Este texto começa com a citação do início do texto sobre o qual recai a sua análise, e que, também ele, começa com uma citação. Não estranhamos que o autor do texto sobre a exposição tenha escolhido esta forma de o iniciar, já que fazê-lo convoca para o seu a autoridade do texto citado, o que é especialmente proveitoso no caso de se tratar de uma autoridade consagrada.

Contrariemos porém, a citação citada, procurando interpretar o seu significado no texto, e concluiremos que, ao se iniciar com ela, o texto sobre a exposição revela desde logo a sua pretensão a escusar-se à interpretação do significado da exposição e das obras que a compõem, conclusão que se confirma quando, mais à frente, o autor escreve que «no jogo de transferências que resulta da relação entre camadas de representação do real, de que as presentes obras participam, o texto que sobre elas se debruce não deve colocar-se como árbitro, mas também ele como jogador (...) deverei então ater-me à mera aparência, à superfície? E não será o usar-me da expressão "mera", prova já da contaminação do meu pensamento por um preconceito? Não residirá no campo da aparência tudo o que há a dizer? "Tudo o que há a dizer", tanto no sentido de (im)possibilidade como de necessidade, ou seja, "tudo o que há a dizer", porque nada mais posso dizer sobre a obra e, "tudo o que há a dizer", porque nada mais preciso dizer sobre a obra».

Perguntamo-nos então, tal como o autor, no que poderá consistir o texto sobre a exposição que, correspondendo ao apelo da citação inicial, «[se] recuse a ir além das aparências?». Estará limitado à «descrição das obras ou dos processos que as criaram: tela, tinta sobre tela, remoção da tinta com uma lixa, (...) a tela pendurada numa sala, pessoas a olhar para a tela pendurada na sala (...)»?
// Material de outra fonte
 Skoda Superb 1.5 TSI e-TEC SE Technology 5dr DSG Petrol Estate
Se também nós recearmos o preconceito da «-mera- aparência», talvez cheguemos também à ideia de que «muito existe já na "mera" descrição desse encadeamento de processos e justaposição/ transferência/ recriação de planos de representação, — o artista, a obra, a exposição, o público, o texto, ... - sempre equidistantes entre si e entre a realidade que cada um representa, o que quer que isso - "isso" a realidade, "isso" a distância, isso o "isso"- seja».
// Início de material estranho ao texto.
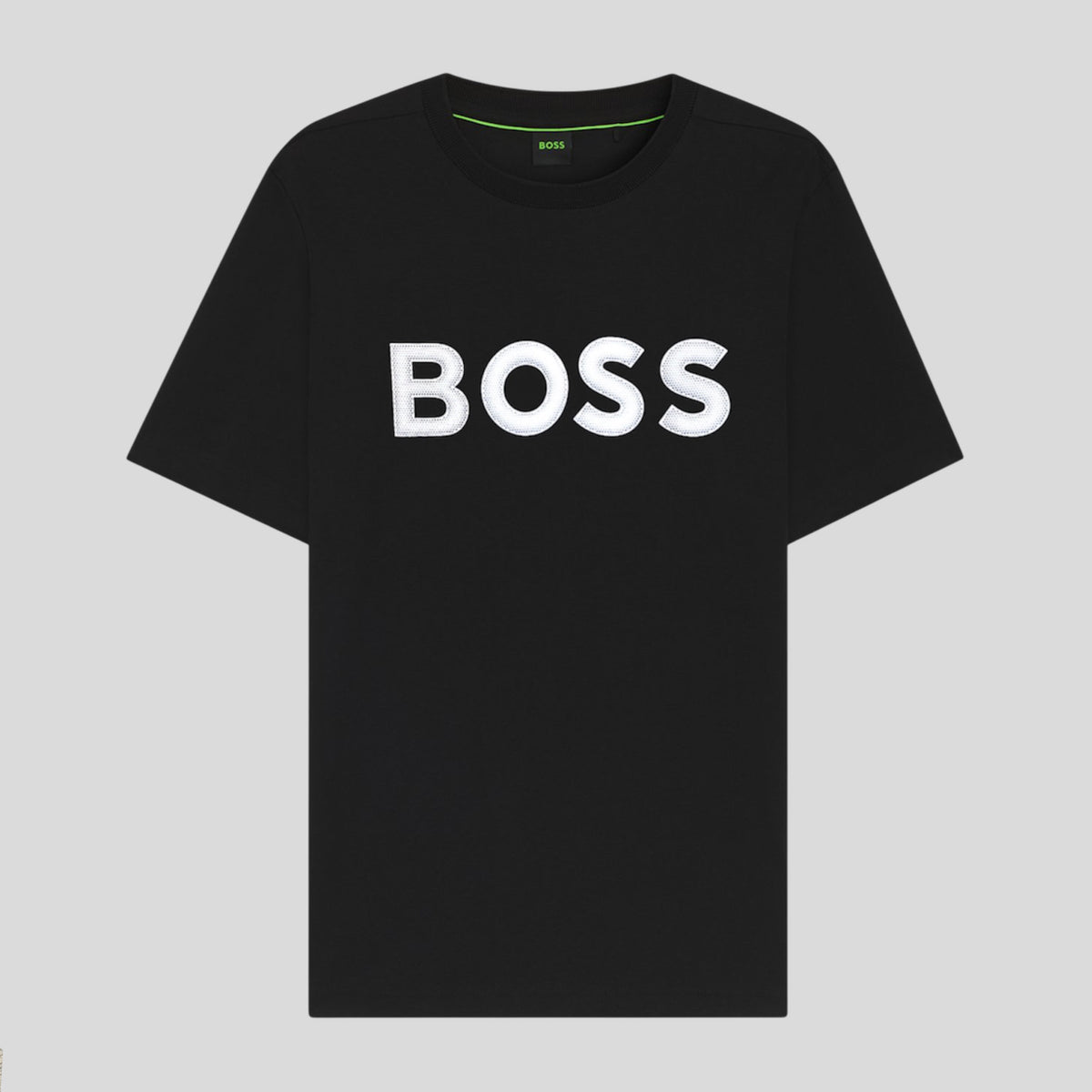 PLAYERA BOSS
Antes, no entanto, de verificarmos as suas consequências, talvez devêssemos questionar a razão desta recusa da interpretação. Deve-se a uma convicção do autor a respeito de ser esta a melhor, - ou pelo menos a única, caso em que será necessariamente a melhor, - forma de proceder, ou à tentativa de, com uma justificação intelectual que a generalize, mascarar a sua incapacidade pessoal para elaborar uma crítica académica que penetre mais fundo na essência da obra?

O autor não é insensível a este problema mas, rapidamente conclui que, ao tentar dar-lhe resposta, cai, da interpretação da obra, a que queria fugir, na interpretação do texto, que ele próprio escreve: «(...) não há maneira mais segura de estragar uma piada que explicá-la, a menos claro, que a piada esteja na explicação (...) este texto não quis ser como o proverbial dedo que aponta a Lua, atraindo as atenções para si (...) [mas] colocou-se como um grotesco dedo que se contorce apontando para si próprio - sendo que referir isto mesmo, talvez seja como introduzir um segundo dedo que aponta para o primeiro e cuja mão segura um aviso onde se lê "não olhar para o dedo!"».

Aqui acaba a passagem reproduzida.